Performance Optimization
Overview
On this page, we've gathered a running list of recommendations and general guidelines to ensure your experience of using Rill remains performant and optimized. These best practices will help to ensure your dashboards remain performant, and that things continue to "just work" (for both Rill Developer and Rill Cloud), even as the size of your underlying data and deployment continues to grow. These best practices and guidelines will also continue to evolve but please don't hesitate to reach out if you start facing any bottlenecks or have further questions about ways to improve the Rill experience!
Generally speaking, Rill's embedded DuckDB OLAP engine works very well out-of-the-box for datasets up to around 50GB in size. If you plan to be working with and ingesting volumes of data larger than 50GB, please get in touch and we can explore using one of our other enterprise-grade OLAP engine options.
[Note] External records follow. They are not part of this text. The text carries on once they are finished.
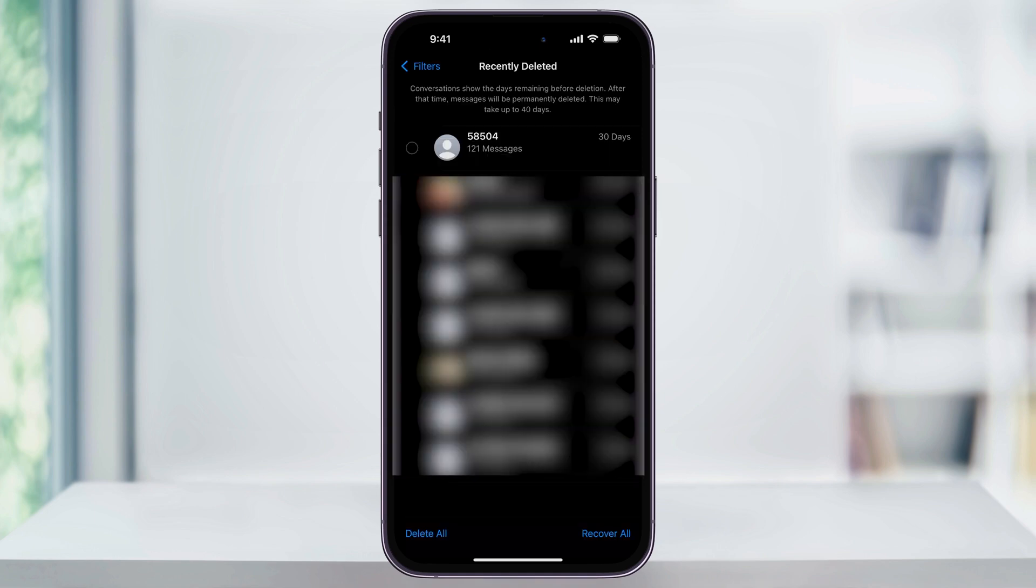Inside of here, you're going to see a list of all of the recently deleted text messages in your account. When you delete a text, again, you have up to 40 days to recover it before it's permanently deleted from Apple's servers. To the right of the message, you'll see how many days you have to recover it.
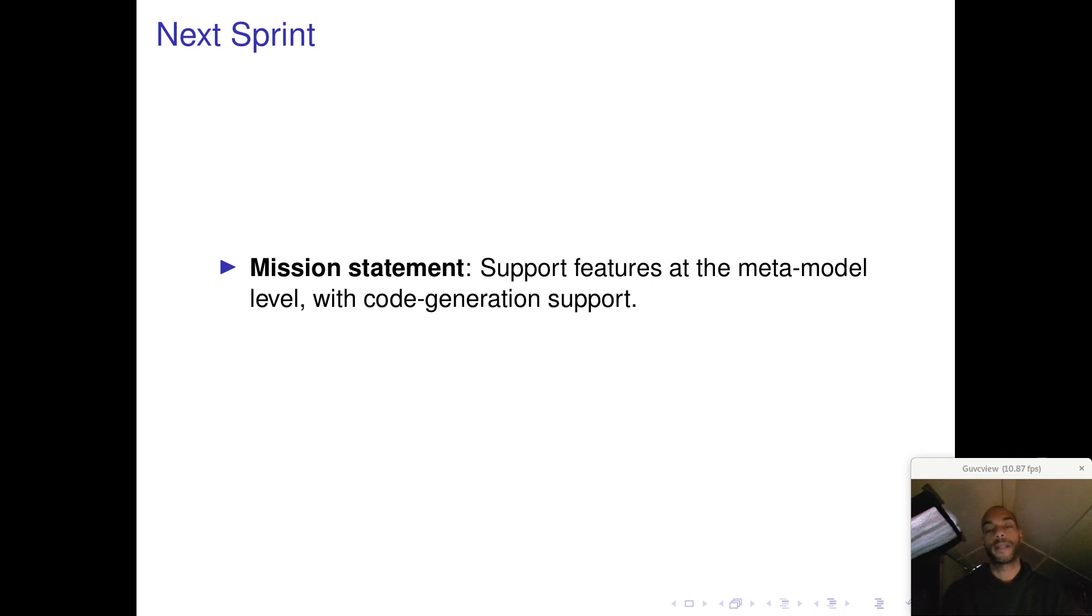And this work had started in the previous sprint, but we just didn't complete it. And that's all for sprint 16. Thanks very much for watching.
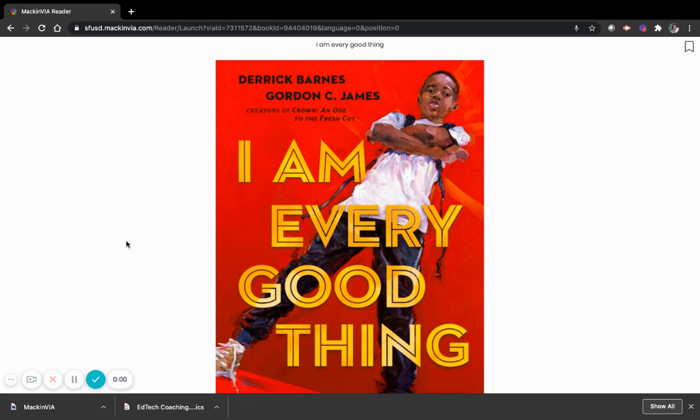I Am Every Good Thing, written by Derek Barnes, illustrated by Gordon C. James, and with permission from Nancy Paulson Books.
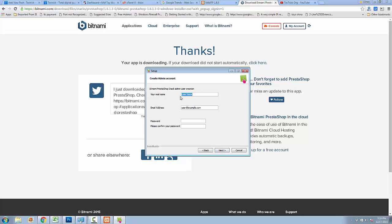In this area, create an admin account. Fill in your username and then your email address. This email address is used to recover your password. Type the password here, and then click Next.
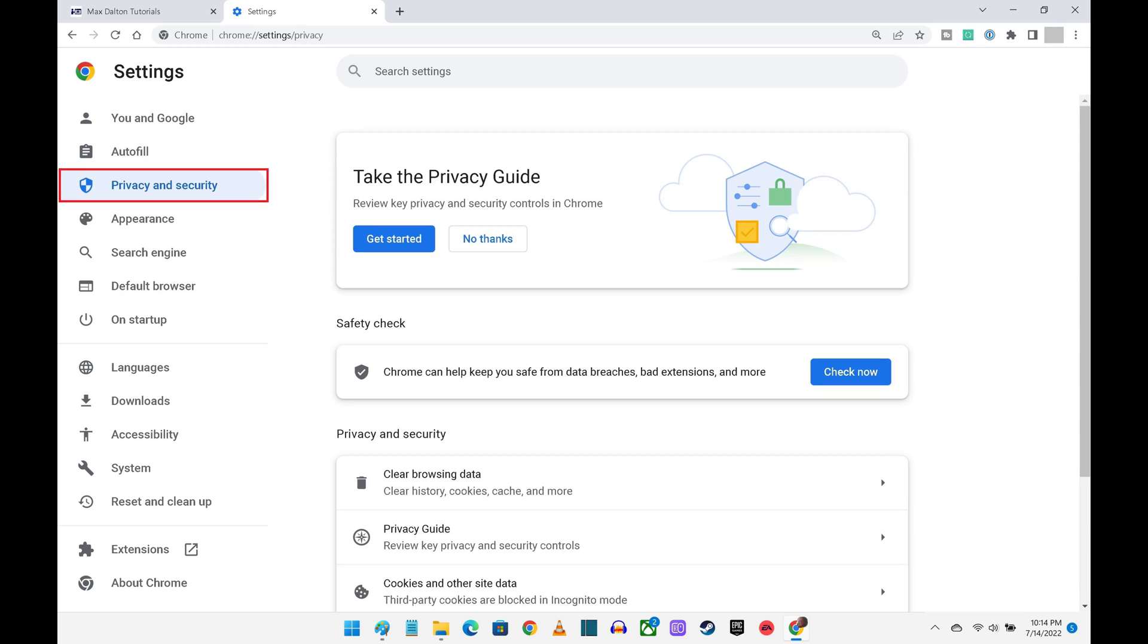Step 5: Click Privacy and Security in the menu on the left to clear your Chrome browsing information and cookies, adjust your safe browsing settings, and control information other sites can use, such as your camera.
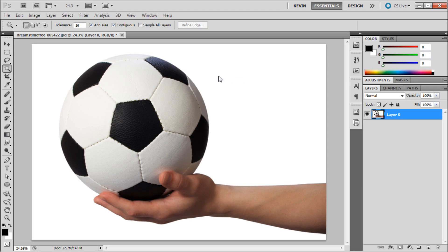Many times you'll want your Photoshop selection to be slightly larger or smaller than what you currently have. In Photoshop, there's a way to expand and contract your selection in order to get exactly what you want.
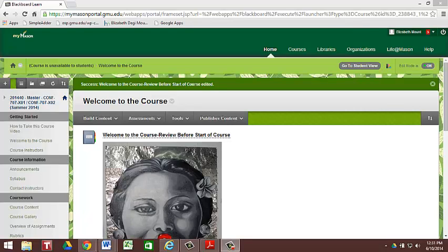Hi, this is a video to introduce you to the online course in the Blackboard folder.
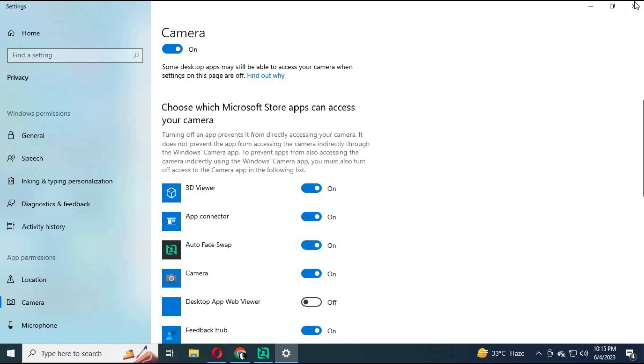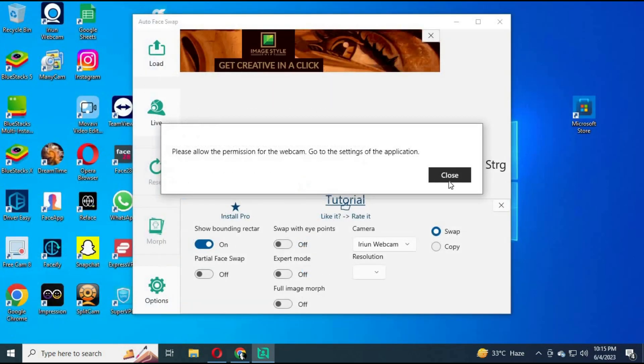Allow Auto Face Swap to use your camera. You can choose the source of camera from Settings.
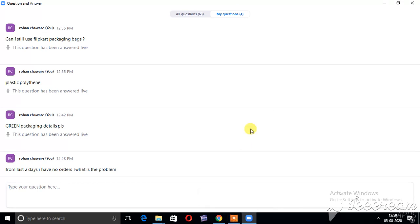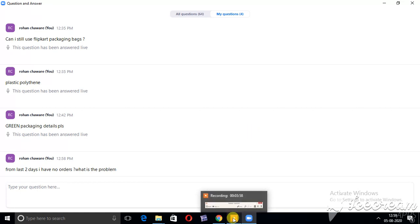Dushant Vadva, please do attend a listing webinar so that you get proper clarity on how to list your products.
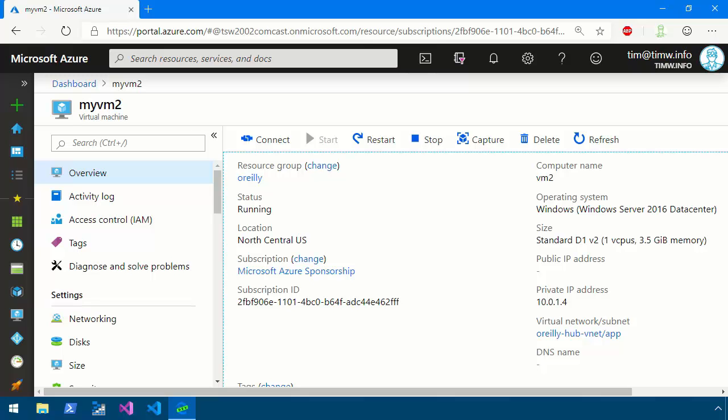Here as you can see we're looking at a virtual machine called MyVM2. It runs Windows Server 2016 and note specifically that it has no public IP address so we're not connected directly to the internet anyway. How can we obtain the Serial Console connection?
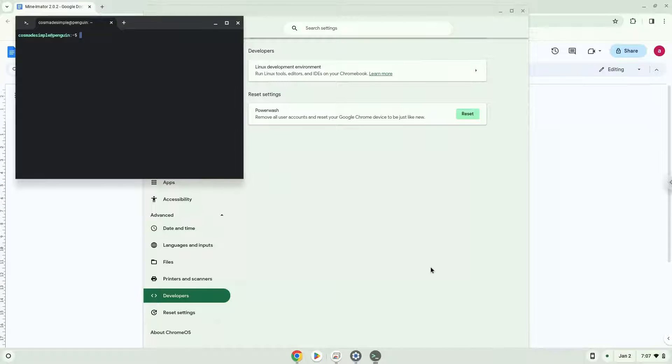Now that we have enabled Linux apps on our system, we will continue to the next step, which is to run several commands in a terminal, which will install the application. All the commands are in the video description.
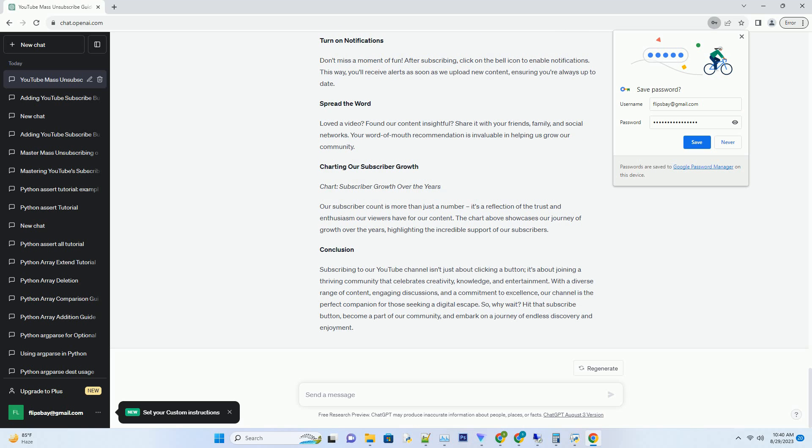A Glimpse Into Our Content Wonderland: Unveiling the Variety. Our YouTube channel is your one-stop destination for an array of captivating content. From educational videos that unravel complex concepts in simple terms to hilarious sketches that tickle your funny bone, we've got it all.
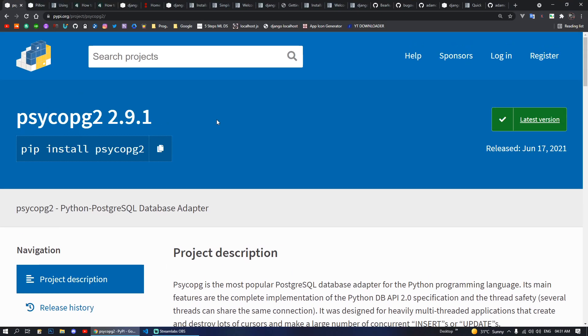Hello YouTube, so today in this video I'm going to show you the most widely used packages for Django and which you can use right now in your current project and which you might consider using in your next Django project.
Dashboard and Model Performance
Depending on the complexity of your underlying models and the size of the data models, there are things that you can do to improve performance.
Consider which models to materialize
By default, models will be materialized as views (in DuckDB). This allows for a dynamic and highly interactive experience when modeling, such as keystroke-by-keystroke profiling. However, since views are logical in nature, as the complexity and size of your data models continue grow (especially if the underlying data is very large), this can start to significantly impact performance as these complex queries will need to be continuously re-executed along with a number of profiling queries that the Rill runtime will send in the backend.
In such scenarios, we recommend materializing these models as tables. However, there are some tradeoffs to consider.
- Pros: Materializing a model will generally ensure significantly improved performance for downstream dependent models and dashboards.
- Cons: Enabling materialization for a model can severely impact or break the "keystroke-by-keystroke" experience and these models may also take longer to update (because the results are being written to a table vs remaining a view). It can also lead to degraded performance for very specific operations, such as when you need to perform cross joins.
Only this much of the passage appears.